🤖 AI Summary
This work investigates the optimal scaling trajectory for test-time computation in large language models (LLMs), identifying inherent suboptimality in validator-free chain-of-thought distillation. We formally prove that performance degradation due to validator absence worsens with increasing test-time compute, and introduce the “anti-concentration” condition to characterize how heterogeneity in the base model’s solution distribution impairs scaling efficiency. Methodologically, we systematically compare validator-guided reinforcement learning and search against validator-free distillation, conducting theoretical analysis and mathematical reasoning evaluation across a 3B–32B multi-scale model family. Results demonstrate that validator-based methods exhibit consistently widening performance advantages in long-output and large-data regimes, whereas validator-free approaches suffer pronounced scaling inefficiency. These findings underscore the critical role of validators in enabling efficient test-time compute expansion.
📝 Abstract
Despite substantial advances in scaling test-time compute, an ongoing debate in the community is how it should be scaled up to enable continued and efficient improvements with scaling.

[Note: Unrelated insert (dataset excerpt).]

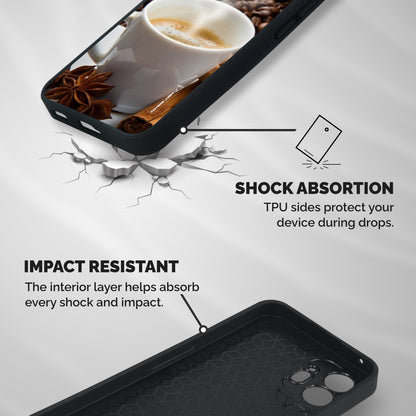 Classic Coffee Beans Shockproof Hybrid Protection (Metal + TPU) Back Case Cover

There are largely two approaches: first, distilling successful search or thinking traces; and second, using verification (e.g., 0/1 outcome rewards, reward models, or verifiers) to guide reinforcement learning (RL) and search algorithms. In this paper, we prove that finetuning LLMs with verifier-based (VB) methods based on RL or search is far superior to verifier-free (VF) approaches based on distilling or cloning search traces, given a fixed amount of compute/data budget. Further, we show that as we scale test-time compute (measured as the output token length) and training data, suboptimality of VF methods scales poorly compared to VB when the base pre-trained LLM presents a heterogeneous distribution over correct solution traces (e.g., different lengths, styles, etc.) and admits a non-sharp distribution over rewards on traces sampled from it. We formalize this condition using anti-concentration [ErdH{o}s, 1945]. This implies a stronger result that VB methods scale better asymptotically, with the performance gap between VB and VF methods widening as test-time budget grows. We corroborate our theory empirically on both didactic and math reasoning problems with 3/8/32B-sized pre-trained LLMs, where we find verification is crucial for scaling test-time compute.